Thursday, 12 February 2015

How to put smartlocks into homes - start with offices and heritage listed buildings

These days many modern office buildings have smart-card-based electronic locking systems, where users wave their cards over an RFID sensor panel that checks the IDs on the cards against a central database. 

But this security layer usually stops at the front entrance. Installing the wiring for the access-control panels needed to make individual offices secure can cost up to $10,000 per door, so most companies just don’t do it—meaning that once someone is inside a building, they can usually roam unchallenged.

Keycard locking systems are not cheap.
In 2013, for example, we worked inside a shared office space of the Ohio State University for an accelerator program. The building owners had just paid $20,000 to put RFID locks on 3 doors. And yes, $20,000 is a lot of money to pay for a few locks. 

Inside the building were a number of shared meeting rooms that did not have lockable locks on them. That's because it was too difficult to lock up these meeting rooms, and distribute metal keys to all the users (and of course too expensive to install the RFID keycard systems). The meeting rooms were used daily by all the different workers from all the different companies in the building. In the evenings the meeting rooms were often used for networking events. 

So as the meeting rooms were unlockable, technical equipment such as projectors/TV's, laptops (useful of course for presentations for events) could not be safely stored in the rooms. This meant that the users of the meeting rooms had to bring their own devices, book in advance (and hope the equipment was available, and wasn't be used by someone else in other rooms at the same time) or go without equipment. Some of our meetings were not very professional without the supporting technical equipment being available. 

Further, the meeting rooms had to be booked in a folder with a lined notepad at the front reception desk. This made it difficult to book meeting rooms remotely - that is when we were off site - and especially after hours when there was no at the reception desk. If a potential client/potential investor phoned us or emailed us after hours requesting a meeting, we couldn't respond immediately because we didn't know when the meeting was available. This was unprofessional. 

The worst part of the keycard system on the University building was that the building owners were restricted by the company that installed the locks, to how many keycards they could distribute. Only two keycards were made available to teams in the accelerator program, even though some teams were three and four. This made for complicated arrangements on a daily basis to arrange entry to the building (especially after hours when many IT developers liked to work).

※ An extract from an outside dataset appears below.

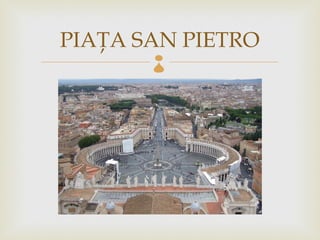 PIAŢA SAN PIETRO
       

Our company LEAPIN Digital Keys has been developing an alternative to RFID locks, and metal keys, and antiquated meeting room booking systems. Our alternative could also reduce the cost of locks from $6000-$10,000 to around $200-$300 per door, making it easier to imagine deploying electronic locks on internal doors. 

The LEAPIN Digital Keys smartstriker - all electronics are hidden inside the door frame.
Our system works by replacing hard wired sensor panels with stand-alone battery powered locks and electronic strikes, and turning them into remotely managed systems on smartphone apps. So instead of opening doors with your keycards, you can now open doors with your smartphone. And with LEAPIN's Digital Keys systems, the tenants of the building (rather than the company that owns the keycards (and the software to program the keycards) are the ones in control of who can access the property and at what time. And the tenants are not limited to the number of digital keys that can be distributed at any one time.

Mr Dunn, Managing Director of LEAPIN Digital Keys says there is even another advantage to their systems, especially with their battery powered strike. All the electronics are hidden inside the door frame, so you don't see anything. Its two screws out and two screws in. Mr Dunn said,  "alot of the Universities buildings are Heritage listed, and you can't run a wire through them, or even change a lock on a door, or screw a reader panel on the wall, without getting all these permissions from appropriate authorities". With the new LEAPIN Digital Keys systems, you don't even need any software to set, send, receive and revoke new digital keys for users. All you have to do is hit a couple of buttons on a smartphone app. "Since people carry around their smartphone everywhere these days, it a great solution" says Mr Dunn.